=== Input records ===

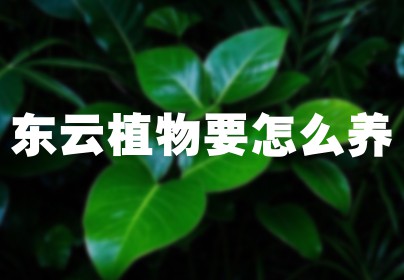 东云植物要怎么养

===
=== Input records ===

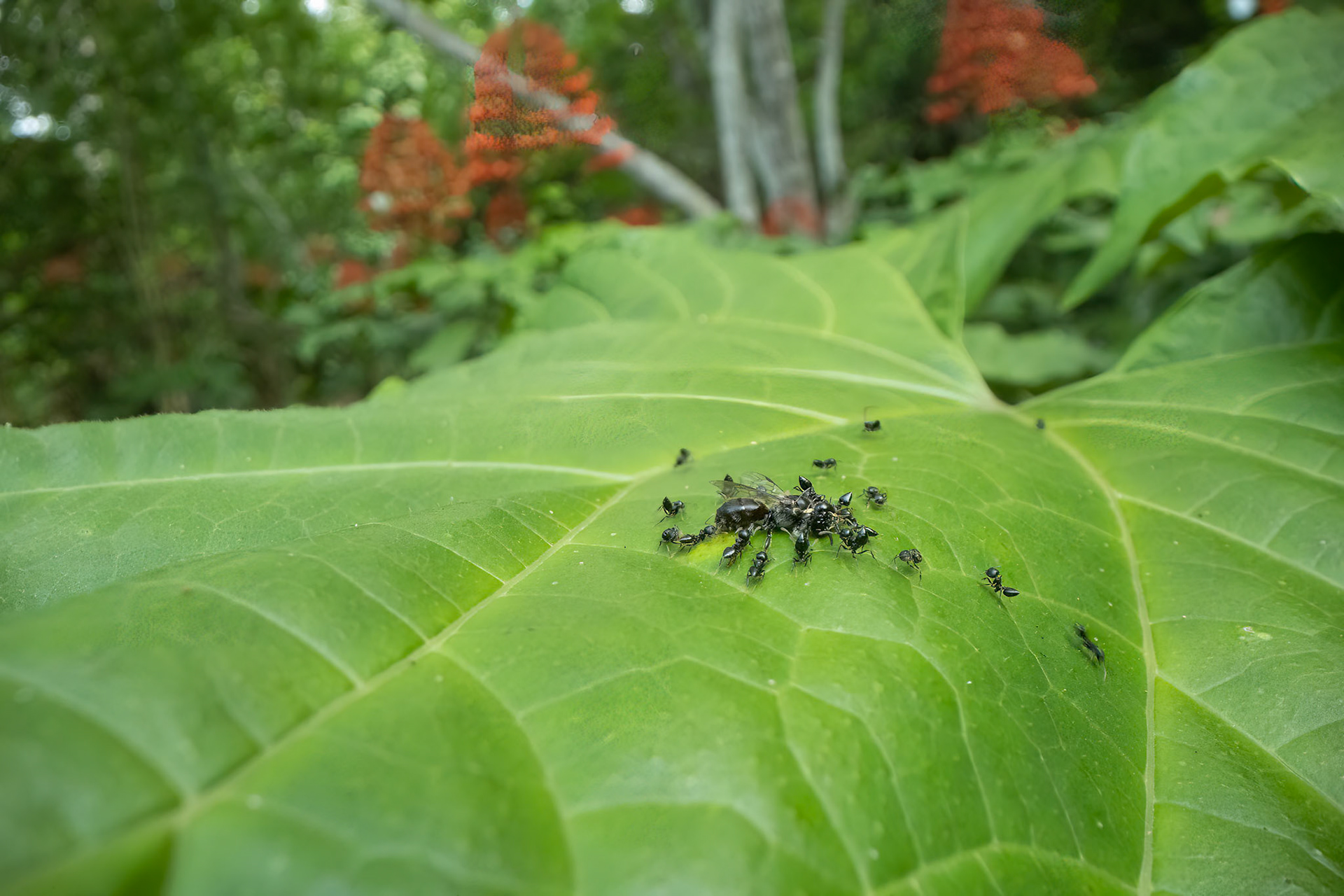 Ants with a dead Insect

===
=== Input records ===

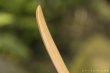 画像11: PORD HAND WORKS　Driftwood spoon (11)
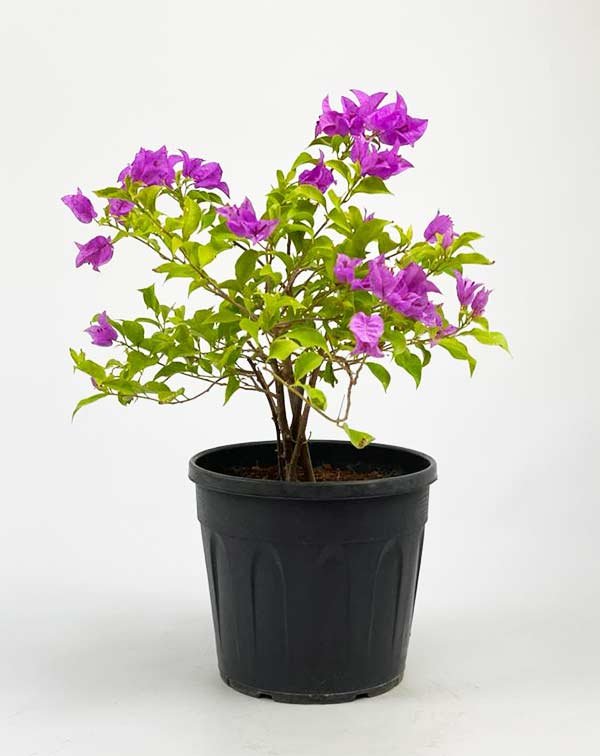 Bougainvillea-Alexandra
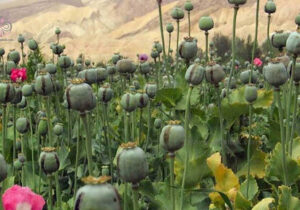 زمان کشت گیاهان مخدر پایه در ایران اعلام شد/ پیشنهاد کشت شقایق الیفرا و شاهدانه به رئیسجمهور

===

### Task instructions
Give the lines above again exactly, from the one containing "Bougainvillea-Alexandra" to the one containing "زمان کشت گیاهان", both included, but leave out the pictures.

### Task solution
 Bougainvillea-Alexandra
 زمان کشت گیاهان مخدر پایه در ایران اعلام شد/ پیشنهاد کشت شقایق الیفرا و شاهدانه به رئیسجمهور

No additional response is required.